В Лондоне невозможно находиться — слишком жарко. День проводим в Кью-Гарденс[118], там прелестно. Я сорвал лист с огромного дерева гинкго и положил между страницами — как раз там, где Набоков упоминает это дерево[119]. И оранжерея с орхидеями, острое получасовое наслаждение. Мне особенно нравятся мельчайшие орхидеи — словно крошечные жемчужины на стебельках. У них какой-то необычный запах, он ни на что не похож. Просто абсолютно новый запах — как новый цвет. Вечером пошли смотреть «Беспечного ездока» — фильм, который этим летом произвел фурор в Штатах, а теперь и у нас. Смотреть приятно, но за внешней красотой пугающая пустота, незначительность. В переполненном кинотеатре мы, наверное, были самыми старыми, средний возраст зрителей, в основном, не превышал двадцати лет. Я чувствовал себя чужим. Это апофеоз визуальной ереси — актеры ничего не говорят, их искусство — в неумении выразить себя. Все происходит случайно, героев несет по течению, что-то приключается — и снова дорога; глупые юнцы, сидевшие рядом, явно считали, что фильм очень печальный, очень глубокий и очень красивый. Согласен — красивый, но не больше.

Молодое поколение в наши дни попадает в западню: они отрицают культуру, книжную культуру особенно, выбирают непосредственный опыт, делают что хотят, находят свой круг общения, говорят на жаргоне — что само по себе неплохо, это дает им более острое ощущение настоящего момента, проникновение почти по дзену во внешнюю оболочку смысла и культуры. Меня беспокоит, что будет с ними, когда они вырастут и поймут, что больше не могут жить, исходя только из непосредственного опыта. А время читать книги, входить в контекст культуры безвозвратно ушло.

Был в Кенвуде[120]— смотрел любимого Рембрандта. Потом стоял у озера в тени огромных дубов и буков. На верхних ветках среди зелено-золотой листвы резвились белки.


16 октября

«Любимая» Гарди. Странно, что писатель потратил так много времени на разработку такой немыслимой идеи[121]. На мой взгляд, тут, скорее, тема для стихотворения; но все это так соотносилось с его собственными трудностями, с его трагедией, что он не мог этому противостоять. Некоторые места в «Любимой» так плохи, так поверхностны, так заурядны, что книга обретает странную власть — чувствуешь, что роман не что иное, как неуклюжее выражение чего-то более глубокого, что таилось в мозгу несчастного автора — смеси робости и отваги, верности и способности к измене. В определенном смысле это важная книга. Она говорит о Гарди больше, чем почти все его великие романы — за исключением «Джуда». И мастерства не утаишь — оно его нигде не подводит.
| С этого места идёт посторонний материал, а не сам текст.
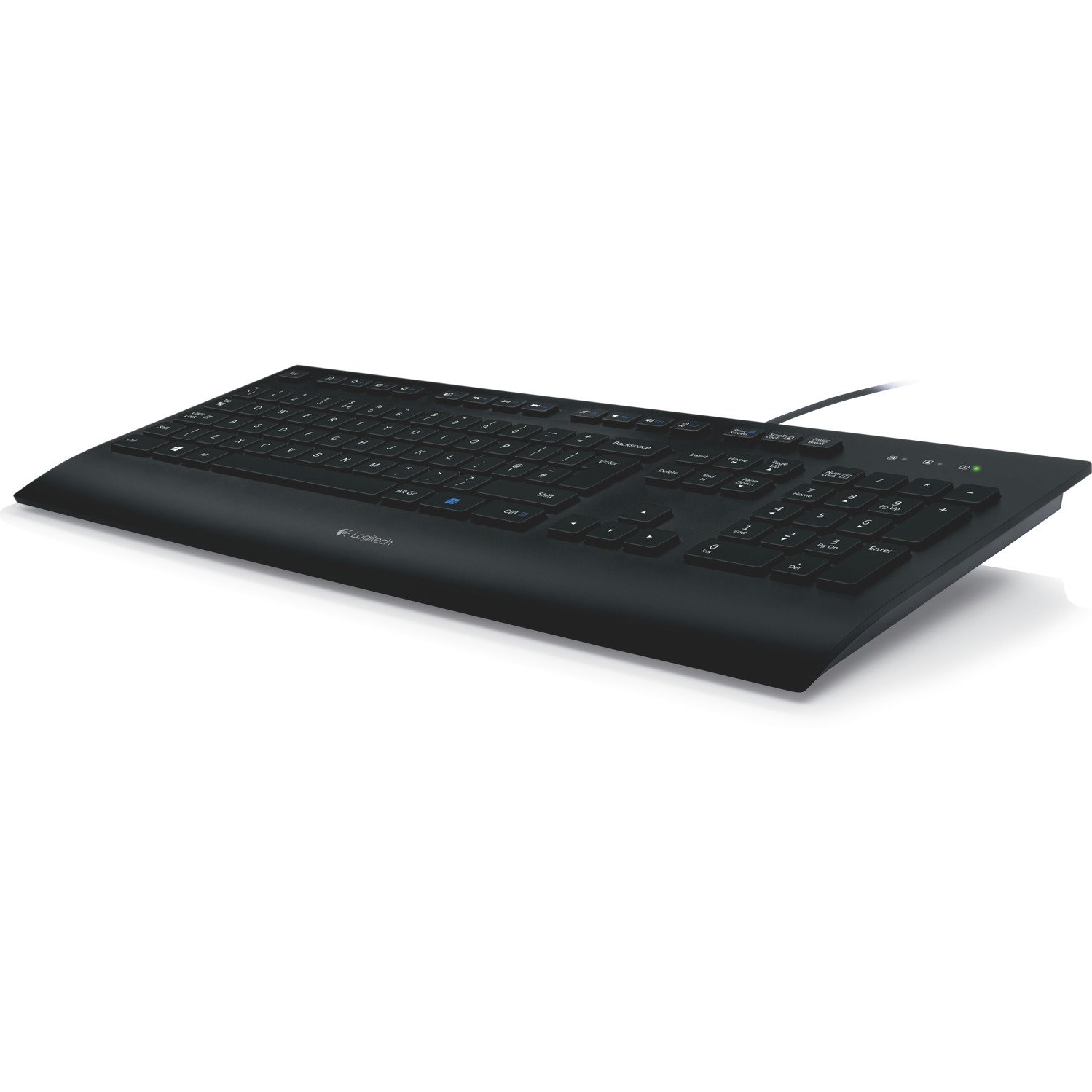 Logitech K280e Keyboard - Cable Connectivity - USB 2.0 Interface - Black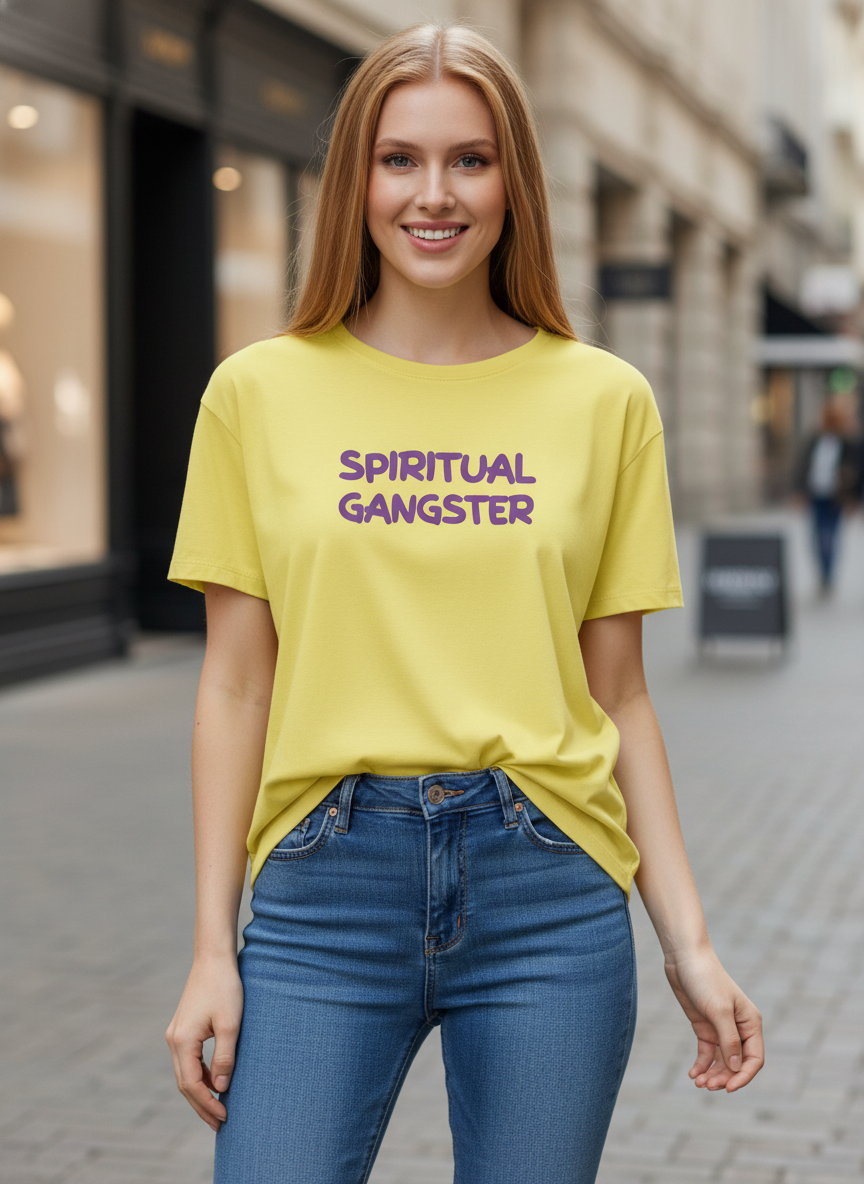 Spiritual Gangster Good Vibes But Do Not Push It T-Shirt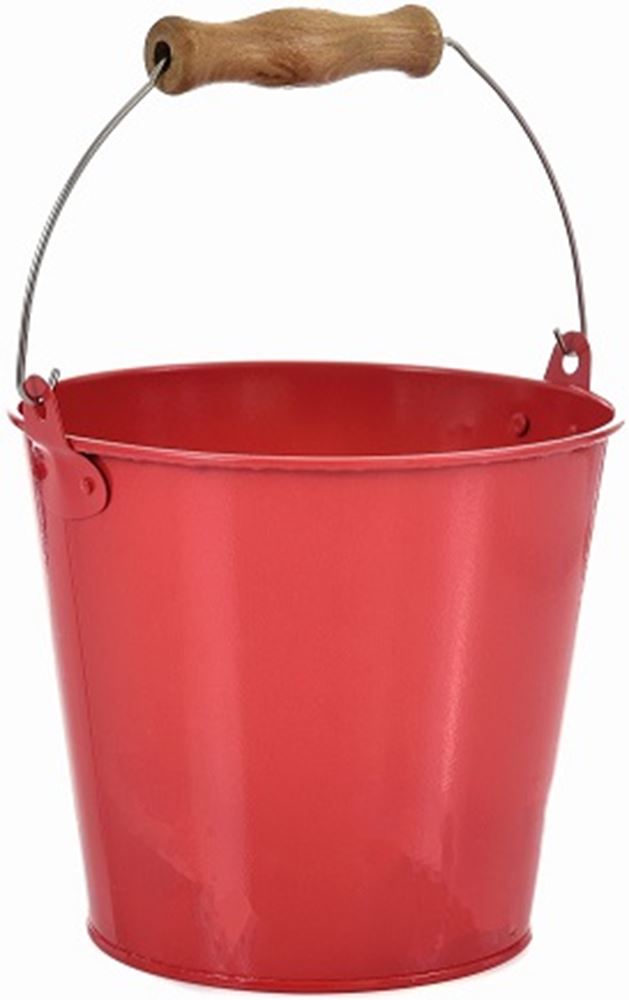 Secchio rosso 15 x 14 cm. 3+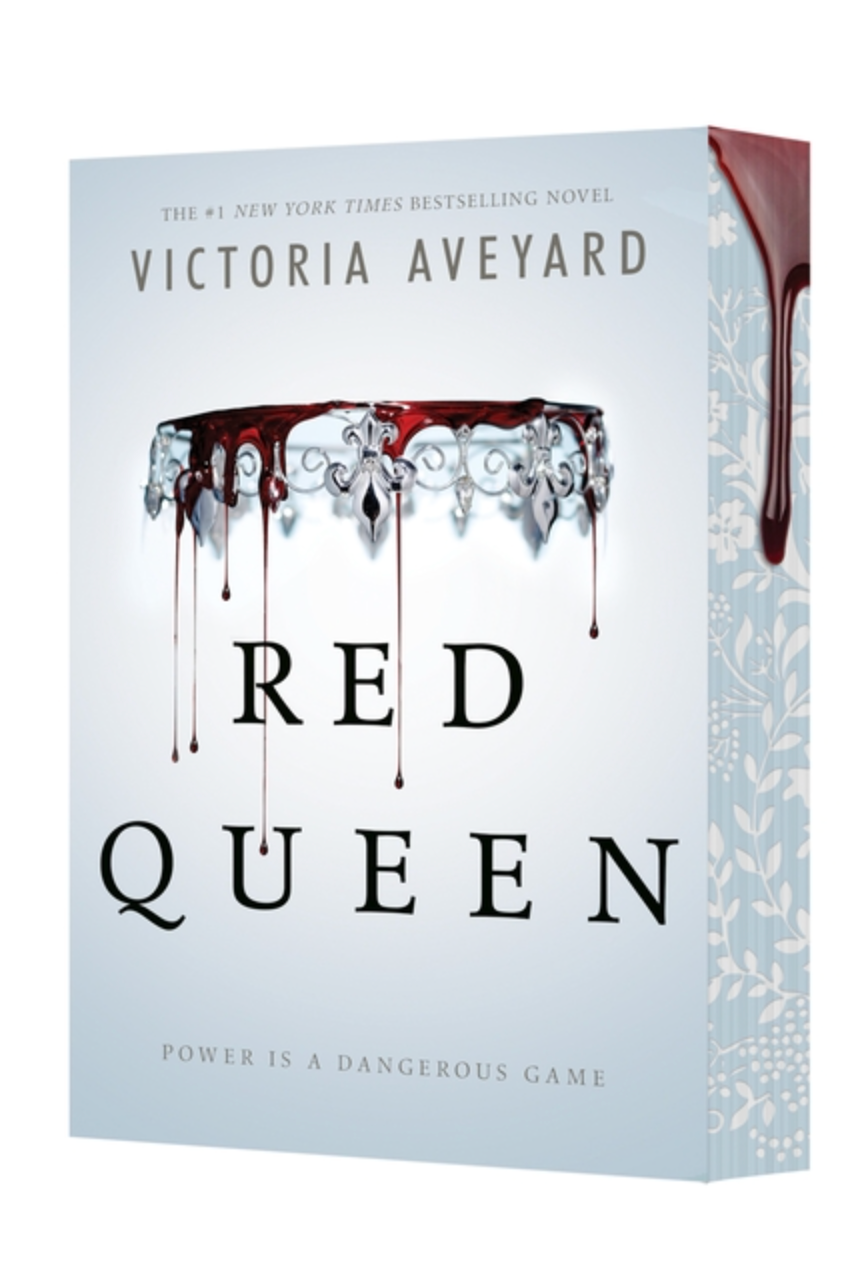 Red Queen by Victoria Aveyard - sprayed edges
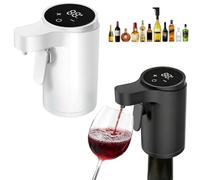 Liquor Dispenser,Smart Dispenser, 5-in-1 Electric Wine Decanter with Aerator, Enhance The Flavor of Every Drink, Adjustable Quantity Liquor Wine Pump, Suitable for Most Wines Bottles (White)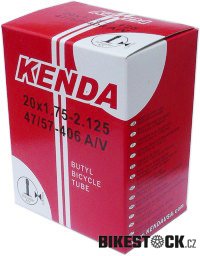 duše KENDA 12 1/2 x 2 1/4 (62-203) AV 45° 45mm zahnutý ventil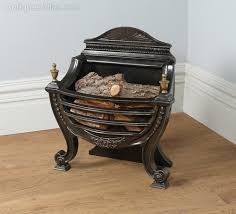 Regency Style Cast Iron Fire Grate Log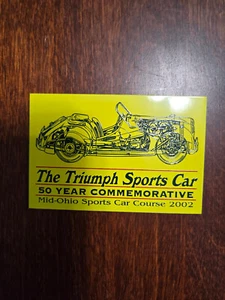 Vintage 2002 Mid Ohio The Triumph Sports Car 50 Year Commemorative Dash Plaque - Picture 1 of 5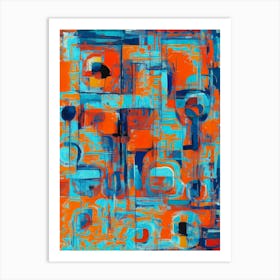 Abstract Painting 852 Art Print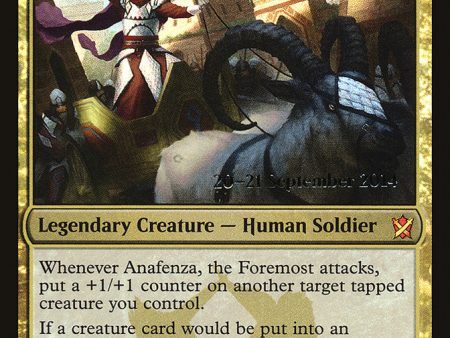 Anafenza, the Foremost [Khans of Tarkir Prerelease Promos] For Discount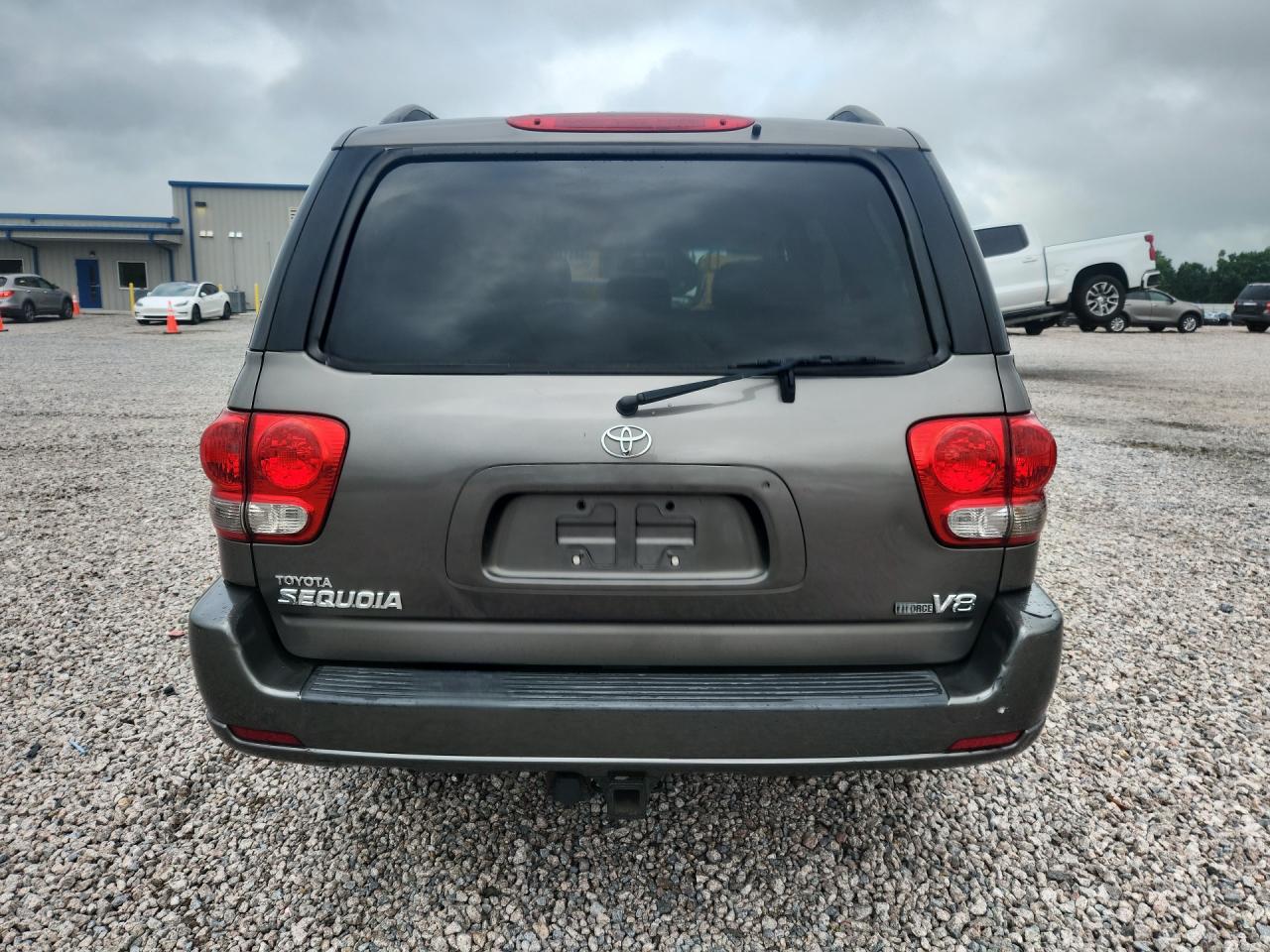 2006 Toyota Sequoia Limited Серый vin: 5TDZT38A96S269617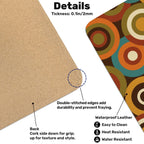 Mid-Century Modern Atomic Orbit Extended Mouse Pad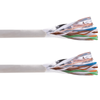 Bematik - Bobina De Cable De Red Ethernet Cat. 5e Ftp De 100 M Flexible De Color Gris Lm01300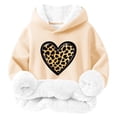 thumbnail image 1 of Bnwani Girls Hoodies Long Sleeve Lamb Wool Thick Sweatshirt Hearts Pullover, 1 of 2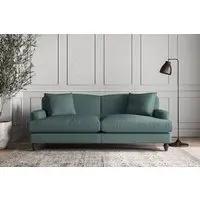 Deni Large Sofa - Airforce, Recycled Cotton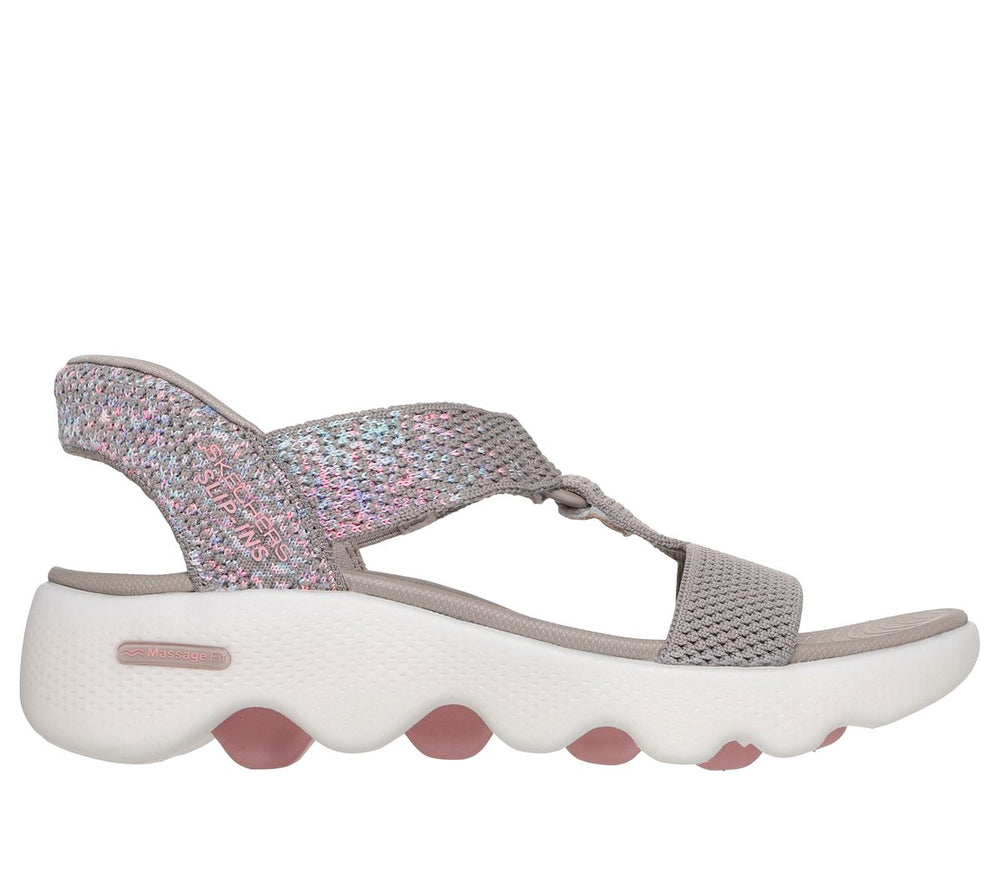 Slip-ins: GO WALK Massage Fit Sandal - Confetti Sky Shoes | Skechers Women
Два журналиста брали у меня интервью для американской прессы: один из «Нью-Йорк таймс», другой из журнала «Тайм». Мне все труднее и труднее рассказывать о том, что я собой представляю, что значит для меня сочинительство; ответы мои носят неточный, случайный характер — что пришло на ум, то и говорю. Мир вымысла становится для меня все реальнее — мне трудно возвращаться в их реальность. Большинство вопросов были совсем неинтересны. Что я думаю о гибели прежней формы романа? Да ничего не думаю. Пишу, как пишется. Я пытался объяснить журналисту из «Тайм», что романы похожи на деревья, а не на машины, пытался рассказать о другом мире, его вратах, землях, о том, как брожу там, иду, куда ведет очередной роман. Но это тоже вымысел о себе; и, говоря с журналистом, я уже становлюсь другим. Наверное, я и правда с другой планеты. Раз так часто ощущаю себя здесь чужим.


1 ноября

Первые рецензии (снятие проб) идут из Соединенных Штатов. Все они похожи на восторженный бред. Это, пожалуй, mot juste[122]: в тоне этих хвалебных отзывов есть легкий привкус истерики, и потом, рецензенты не очень владеют языком. Вижу, что мой стиль их несколько ослепляет, и это снижает ценность этих восхвалений. Я могу верить лестным отзывам, только если они исходят от равных по мастерству писателей. А так получается проблема сродни валютной — наши денежные знаки не эквивалентны и не подлежат обмену.